Typically, a high-speed digitizer uses an internal sample clock to determine the rate to acquire data.

Are there occasions when it would be better to use an external clock source?



When considering whether to use an external clock, first note that the internal time clock of NI high-speed digitizers depends upon the model (either 100MHz or 200MHz). Additionally, any external clock used should still not exceed the maximum sampling rate specified for your high-speed digitizer.

Note: Not all high-speed digitizers support external sample clocks. Refer to the specifications document for your device.

Below are three occasions when you might want to use an External Sample Clock.
  1. Capturing Data at the Rate of Incoming Signals

You may want to use an external sample clock if you are sampling a signal where a non-divide-by-N sampling frequency is necessary. Typically, you will configure your system so that the incoming signal that you want to sample is accompanied by a TTL pulse train, which acts as your external sample clock. Each pulse of this signal is used to sample data for all channels simultaneously.

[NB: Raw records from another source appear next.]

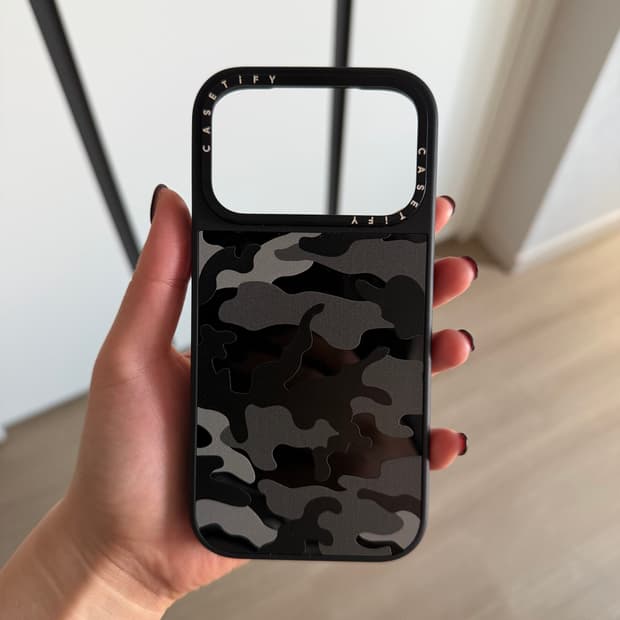케이스티파이 아이폰17 Pro 카모 블랙 미러 맥세이프 케이스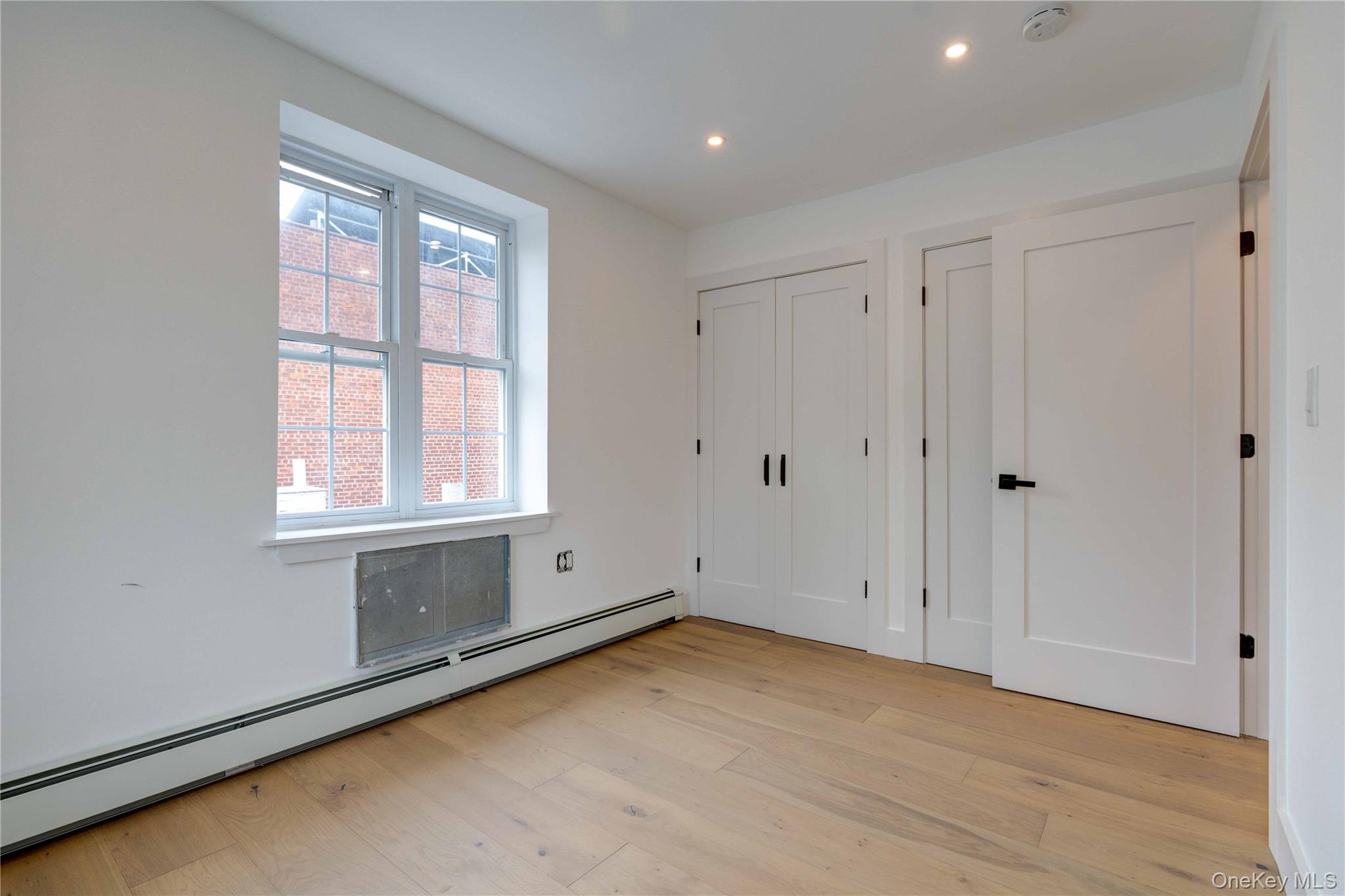 #17 photo, 1056 E 215th Street, Bronx , NY 10469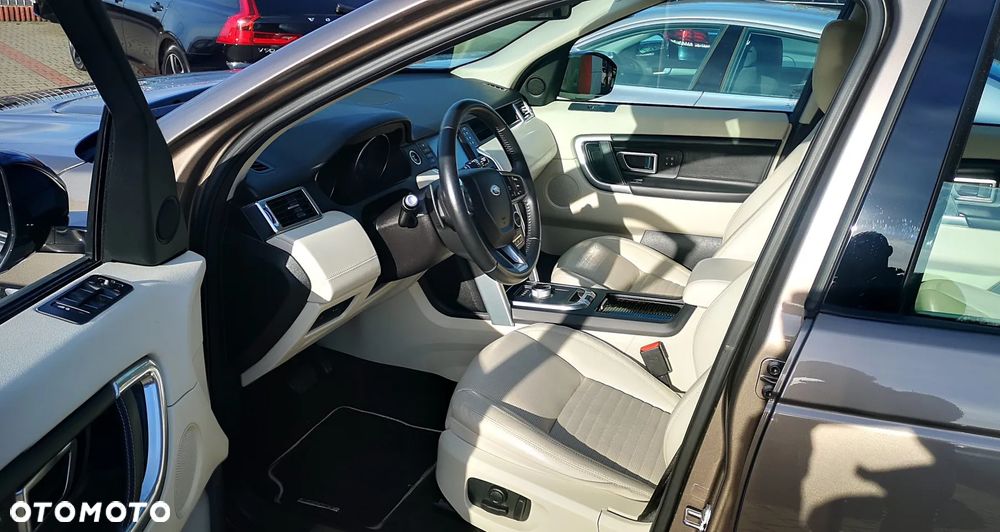 Land Rover Discovery Sport TD4 HSE Luxury - 23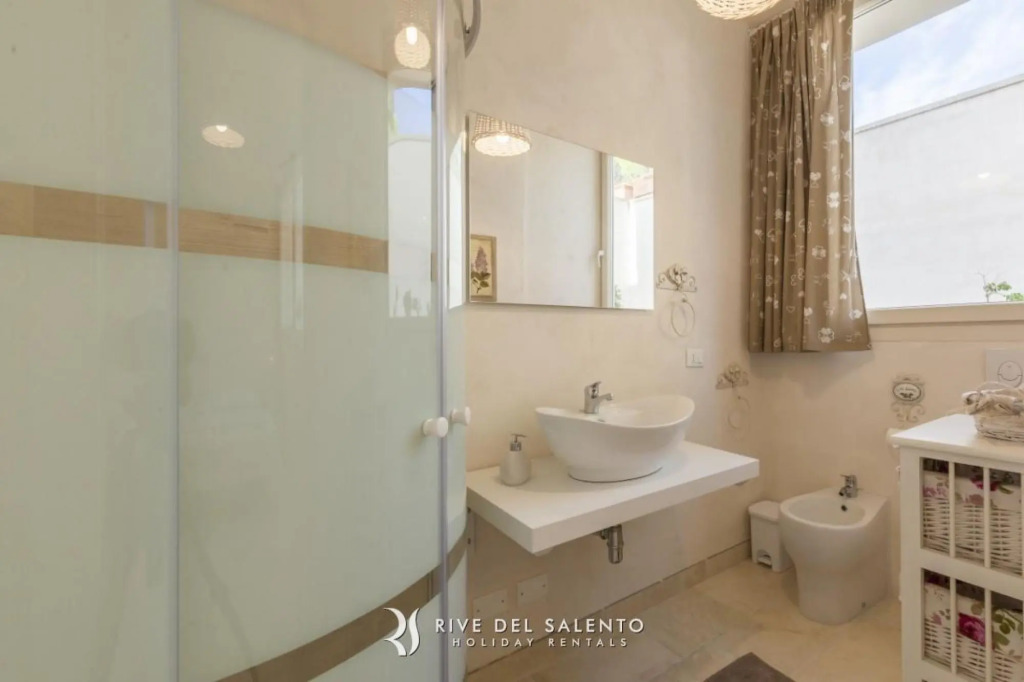 Charming apartment in a splendid villa with swimming pool in Lecce, a few km from the centre-Reginella Deluxe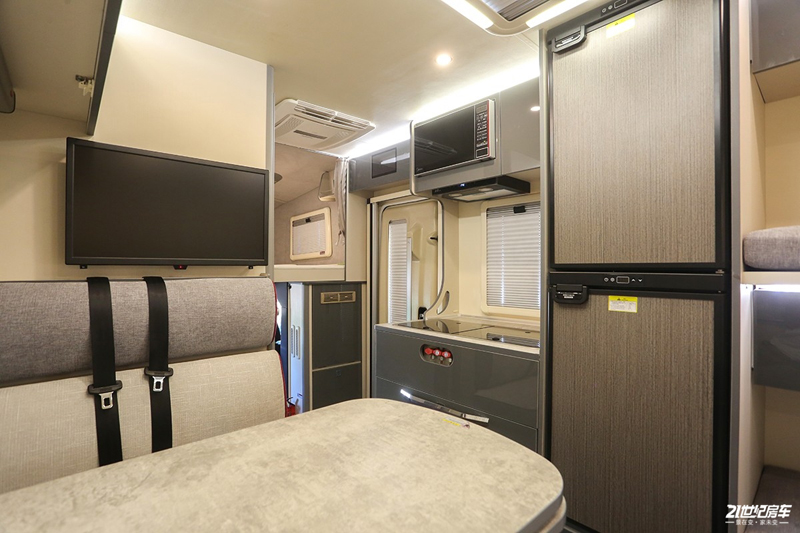 打響第二炮！搶先實拍體驗覽眾自由炮-B皮卡四驅房車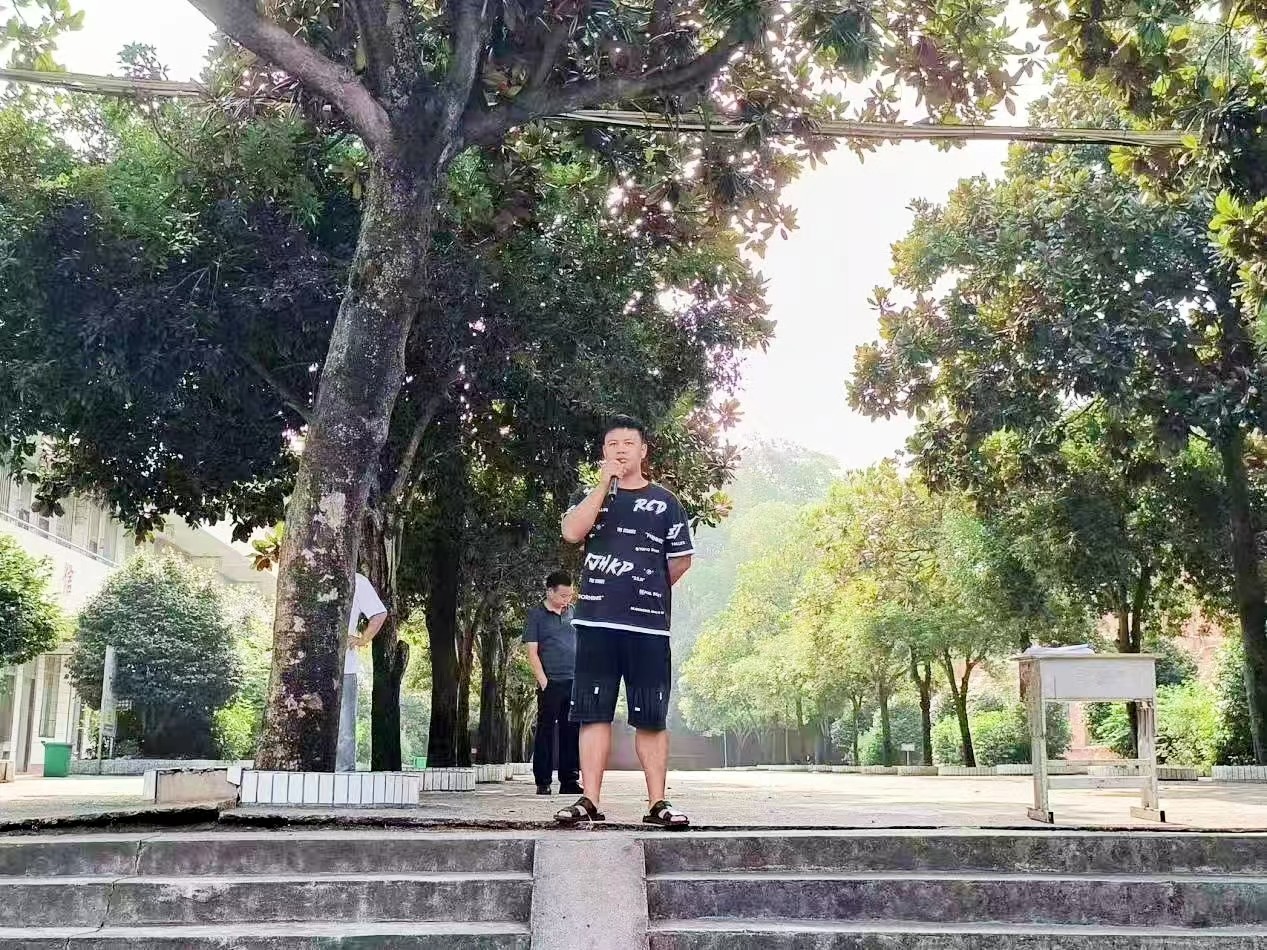 下花桥镇中心完小新学期开学典礼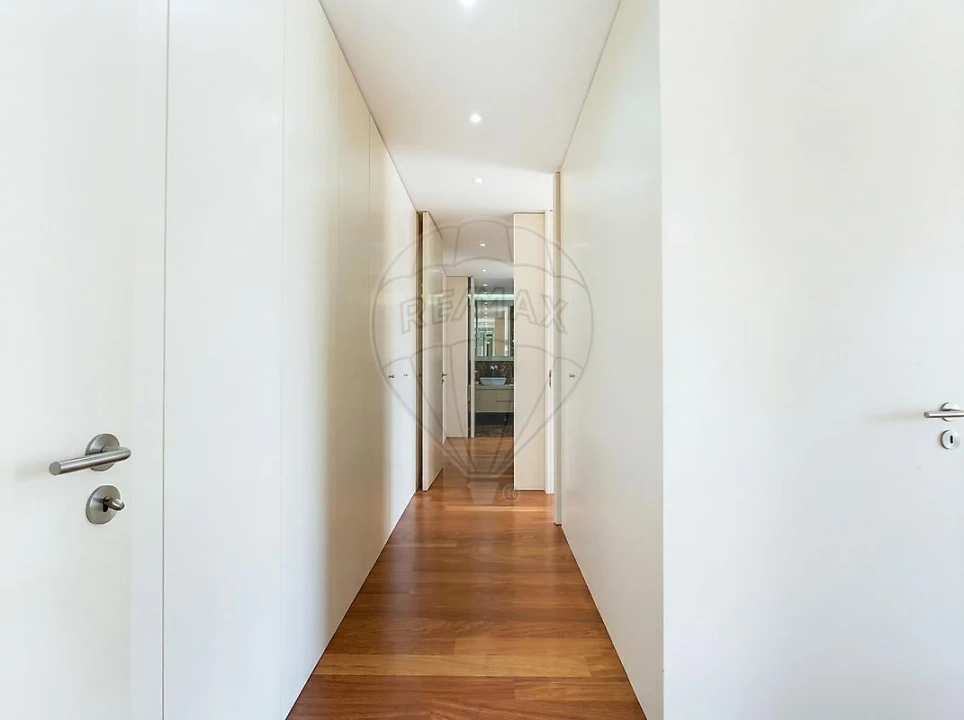 Apartamento T4 para Venda em Arcozelo Foto 10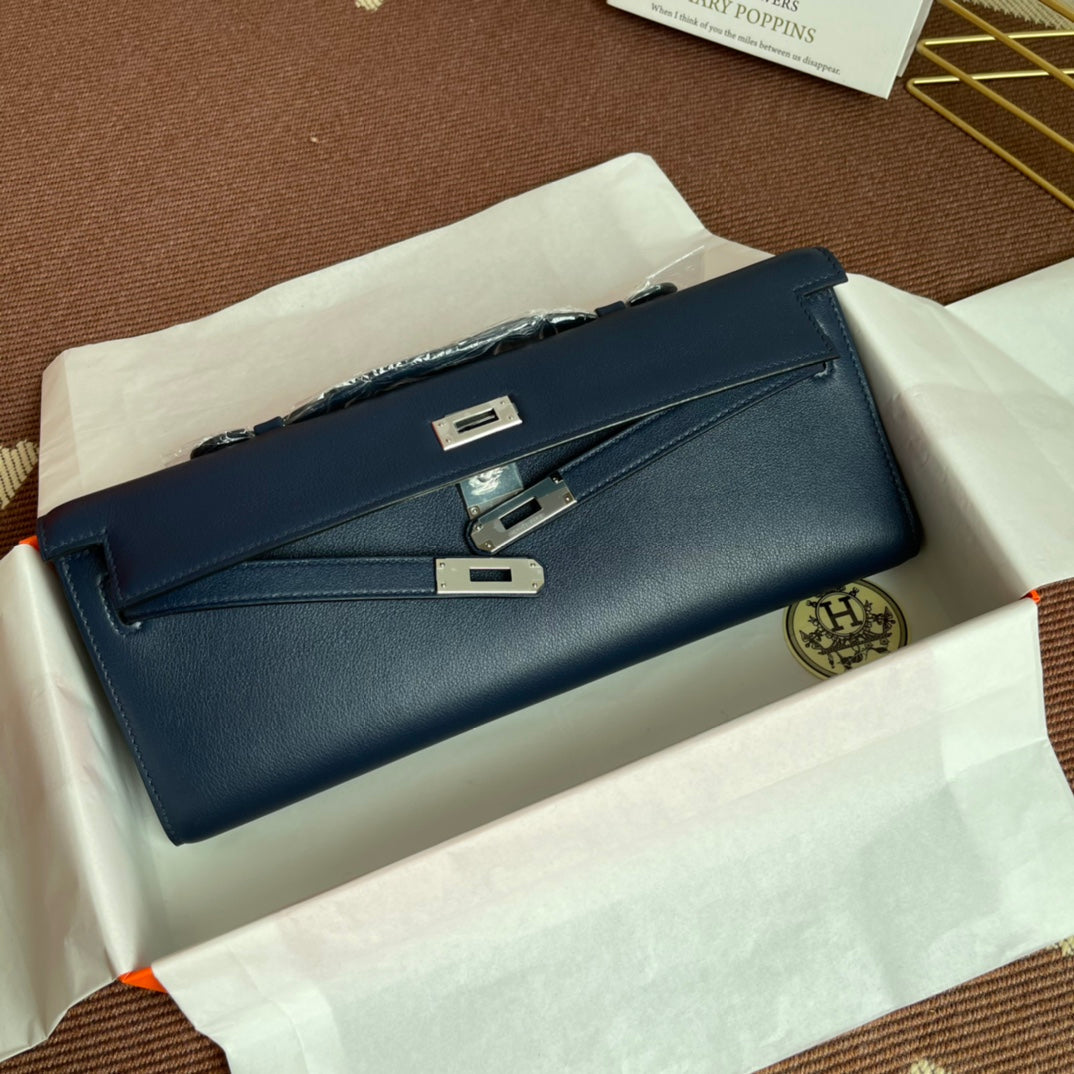 HM Kelly Cut 31cm Navy Swift Leather Shw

  1. Synchronizing With Other Devices

External clocking provides a method to synchronize your high-speed digitizer to other devices in a measurement system by distributing a common clock to multiple devices. Additionally, an external clock can provide a consistent timebase between multiple PXI chassis.

  1. Using a More Accurate Clock

Applications that require an extremely accurate timebase will benefit from the use of rubidium or oven-controlled crystal oscillator (OCXO)-based frequency sources. The accuracy of these devices can be better than ±100 parts per billion (ppb). For example, an OCXO source with ±100 ppb accuracy yields a 10 MHz clock with ±1 Hz uncertainty. The PXI Synchronization Module is ideal for such applications. It has high-accuracy OCXO or TCXO clocking options that the module can drive onto the PXI 10 MHz Reference Clock lines instead of the PXI backplane clock. Thus, all instruments with VCXOs locked to the 10 MHz clock signal inherit the accuracy.